To reduce the coating-produced weight increase, TLT-Turbo has undertaken strong research and development efforts to protect fan component surfaces of different materials with innovative, thin anti-abrasive coatings, which significantly decrease the specific volumetric erosion rates (Figures 7 – 9). The typical maximum thickness of these HVOF-sprayed coatings will be ≤ 500 µm. Besides weight reduction, TLT’s new coating TLT-H-101 features a hydraulic smooth surface for superior aerodynamic efficiency as well as extreme low, specially treated porosity to protect the coating from being corrosively “undermined”. Furthermore, its low, small-scale porosity avoids early blistering or flaking of coating. Finally, it can be assumed that the hydraulic smooth coating surface diminishes the risk of caking adversely affecting the aerodynamic efficiency. Basically, TLT-Turbo’s anti-abrasive TLT-H-101 coating is based on a tungsten carbide powder with some special additives. It is sprayed onto fan components using HVOF coating techniques. The obvious improvement in particle flow wear resistance (Figures 7, 8, and 9), compared to standard and even benchmark coatings, does not only result from the special composition of coating materials but also from high supersonic spray velocity (significantly beyond Mach = 4.0).
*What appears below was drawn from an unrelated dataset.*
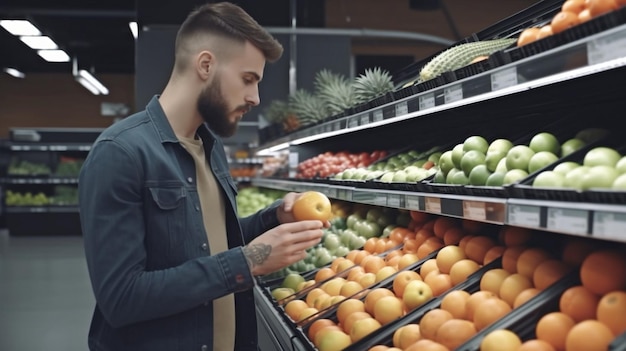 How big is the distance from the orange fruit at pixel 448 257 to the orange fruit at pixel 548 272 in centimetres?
44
The special spraying process produces very low residual tensile stresses within the coating, reducing the risk of cracks including crack propagation.

Conclusion

TLT-Turbo has developed and continues to create advanced anti-wear and anti-corrosion coatings to increase the operational lifespan of heavy-duty fans working in highlyloaded particle flow processes. Being compared to the market standard of welded coatings and to a HVOF-tungsten carbide benchmark coating, the HVOF-sprayed tungsten carbide composite TLT-H-101 coating shows a significantly lower wear rate. The thin coating will be sprayed directly on the critical fan components, which can also be designed to be repairable, according to process demands. Furthermore, its surface is aerodynamically very smooth. These features allow the design of more advanced anti-wear fans. TLT-Turbo’s anti-wear fans are built to operate longer with less downtime time for wear-caused maintenance, consuming less drive power for longer periods of time, and featuring less weight. It is reasonable to compare the coating/material cost to downtime costs, including the additional maintenance costs of facilities/processes, by calculating the commercial benefit. Depending on the wear process, the cost for advanced coatings amortise within months.